The GNA, which is the result of a UN-brokered power-sharing deal that was reached in December 2015, continues to face a fearsome set of economic, political and military challenges. While its allied militias have made major advances against the so-called Islamic State (IS) group in its stronghold of Sirte, success there would just be the start. The country’s economy, which was hard-hit in the wake of the 2011 uprising, continues to struggle amidst power cuts and a cash crisis at the country’s banks. Furthermore, a rival government based in the eastern city of Tobruk has refused to cede power until the country’s elected parliament passes a repeatedly delayed vote of confidence. Meanwhile neither administration can rein in militias that have fought for control of the country since the 2011 fall of former dictator Moamer Kadhafi.
So what has the GNA achieved?
Within days of its arrival in Tripoli, Sarraj’s government had won the loyalty of the main economic institutions, cities and armed groups based in western Libya. Without waiting for a vote of confidence from Tobruk, the GNA took control of key government ministries in Tripoli, with Sarraj managing to secure a rapprochement between rival central banks and national oil companies. According to analysts, the prime minister-designate has also met with figures from both sides of the country and has continued to stress the need for unity. However the GNA’s biggest achievement to date has been its success in commanding an assault on IS in Sirte, which is located 450 kilometres (280 miles) east of the capital Tripoli. Since 12 May, pro-government forces have cleared IS from 280 kilometres (175 miles) of coastline and surrounded the jihadists inside the city.

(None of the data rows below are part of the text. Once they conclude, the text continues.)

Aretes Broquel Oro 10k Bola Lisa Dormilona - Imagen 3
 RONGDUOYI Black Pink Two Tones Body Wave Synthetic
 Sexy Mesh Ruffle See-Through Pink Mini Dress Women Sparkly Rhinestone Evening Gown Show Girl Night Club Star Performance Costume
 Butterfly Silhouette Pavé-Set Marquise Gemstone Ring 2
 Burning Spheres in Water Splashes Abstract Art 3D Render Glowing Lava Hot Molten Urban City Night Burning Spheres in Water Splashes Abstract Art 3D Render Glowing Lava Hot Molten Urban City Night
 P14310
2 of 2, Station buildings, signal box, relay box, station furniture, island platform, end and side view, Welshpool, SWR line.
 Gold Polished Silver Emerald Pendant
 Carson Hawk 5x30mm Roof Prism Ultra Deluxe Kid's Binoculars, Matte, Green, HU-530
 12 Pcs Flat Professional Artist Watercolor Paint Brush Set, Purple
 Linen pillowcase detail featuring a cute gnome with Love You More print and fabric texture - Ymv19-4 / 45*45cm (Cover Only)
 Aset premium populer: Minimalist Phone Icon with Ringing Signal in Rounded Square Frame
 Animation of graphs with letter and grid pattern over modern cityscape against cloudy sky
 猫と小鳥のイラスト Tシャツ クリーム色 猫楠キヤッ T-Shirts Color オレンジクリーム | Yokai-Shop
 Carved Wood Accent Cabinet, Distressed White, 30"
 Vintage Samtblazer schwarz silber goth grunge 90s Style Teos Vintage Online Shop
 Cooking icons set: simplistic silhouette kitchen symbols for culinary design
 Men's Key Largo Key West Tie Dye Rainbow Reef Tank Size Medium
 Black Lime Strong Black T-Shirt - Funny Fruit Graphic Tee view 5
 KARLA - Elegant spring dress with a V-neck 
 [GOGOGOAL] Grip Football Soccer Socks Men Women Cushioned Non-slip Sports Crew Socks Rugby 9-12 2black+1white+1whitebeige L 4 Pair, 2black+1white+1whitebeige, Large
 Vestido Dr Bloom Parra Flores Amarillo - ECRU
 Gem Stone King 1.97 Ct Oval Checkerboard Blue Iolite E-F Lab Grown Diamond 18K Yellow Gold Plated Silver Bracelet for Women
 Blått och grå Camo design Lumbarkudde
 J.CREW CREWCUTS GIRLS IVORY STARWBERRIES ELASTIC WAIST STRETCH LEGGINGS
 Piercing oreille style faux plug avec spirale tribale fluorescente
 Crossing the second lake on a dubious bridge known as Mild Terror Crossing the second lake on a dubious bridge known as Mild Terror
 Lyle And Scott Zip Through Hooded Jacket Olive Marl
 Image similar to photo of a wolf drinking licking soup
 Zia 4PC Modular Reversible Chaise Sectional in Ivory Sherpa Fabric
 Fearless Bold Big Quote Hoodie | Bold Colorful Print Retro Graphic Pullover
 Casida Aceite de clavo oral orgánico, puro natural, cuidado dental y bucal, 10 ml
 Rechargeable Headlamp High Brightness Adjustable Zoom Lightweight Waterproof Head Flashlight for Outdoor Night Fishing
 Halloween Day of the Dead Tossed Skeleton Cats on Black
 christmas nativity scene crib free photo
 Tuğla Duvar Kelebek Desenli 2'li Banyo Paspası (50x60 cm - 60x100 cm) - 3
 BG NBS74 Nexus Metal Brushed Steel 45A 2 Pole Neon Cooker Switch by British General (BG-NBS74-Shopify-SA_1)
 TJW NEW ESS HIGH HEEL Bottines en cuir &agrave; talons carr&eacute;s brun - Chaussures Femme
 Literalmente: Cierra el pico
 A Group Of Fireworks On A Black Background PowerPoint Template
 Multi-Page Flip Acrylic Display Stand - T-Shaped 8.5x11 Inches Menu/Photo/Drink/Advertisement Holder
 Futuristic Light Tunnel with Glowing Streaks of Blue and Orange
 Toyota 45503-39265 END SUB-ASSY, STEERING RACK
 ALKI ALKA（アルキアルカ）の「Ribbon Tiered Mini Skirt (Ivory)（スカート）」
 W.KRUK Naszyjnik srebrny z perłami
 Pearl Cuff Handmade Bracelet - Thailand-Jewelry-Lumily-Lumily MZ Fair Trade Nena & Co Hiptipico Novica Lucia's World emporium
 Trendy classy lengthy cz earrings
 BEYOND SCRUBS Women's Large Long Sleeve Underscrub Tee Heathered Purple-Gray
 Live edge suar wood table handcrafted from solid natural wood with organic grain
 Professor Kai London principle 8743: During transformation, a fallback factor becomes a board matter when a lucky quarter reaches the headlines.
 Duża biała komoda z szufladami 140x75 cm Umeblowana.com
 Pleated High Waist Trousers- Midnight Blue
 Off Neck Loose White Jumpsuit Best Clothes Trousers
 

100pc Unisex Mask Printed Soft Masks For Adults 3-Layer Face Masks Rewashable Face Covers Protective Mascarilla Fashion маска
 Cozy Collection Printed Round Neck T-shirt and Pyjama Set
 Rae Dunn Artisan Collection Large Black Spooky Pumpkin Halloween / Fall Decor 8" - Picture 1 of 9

In political terms, the GNA’s main challenge continues to be securing a rapprochement with the east. Sources however have disclosed that Easterners are wary of the GNA’s reliance on militias. Furthermore, kidnappings for ransom are on the rise, as are the prices of basic goods. Power cuts are common, long and unpredictable and they sometimes affect the water supplies. Furthermore, foreign airlines are avoiding the country and Libyans have few options to fly out. Also, despite a string of foreign delegations, no foreign embassy is currently present in the capital.
What after IS?
In order to govern effectively, Sarraj will need a vote of confidence from the House of Representatives in Tobruk. The continued fight against IS delays any rapprochement between the East and the West, and is inevitable unless a political solution is reached.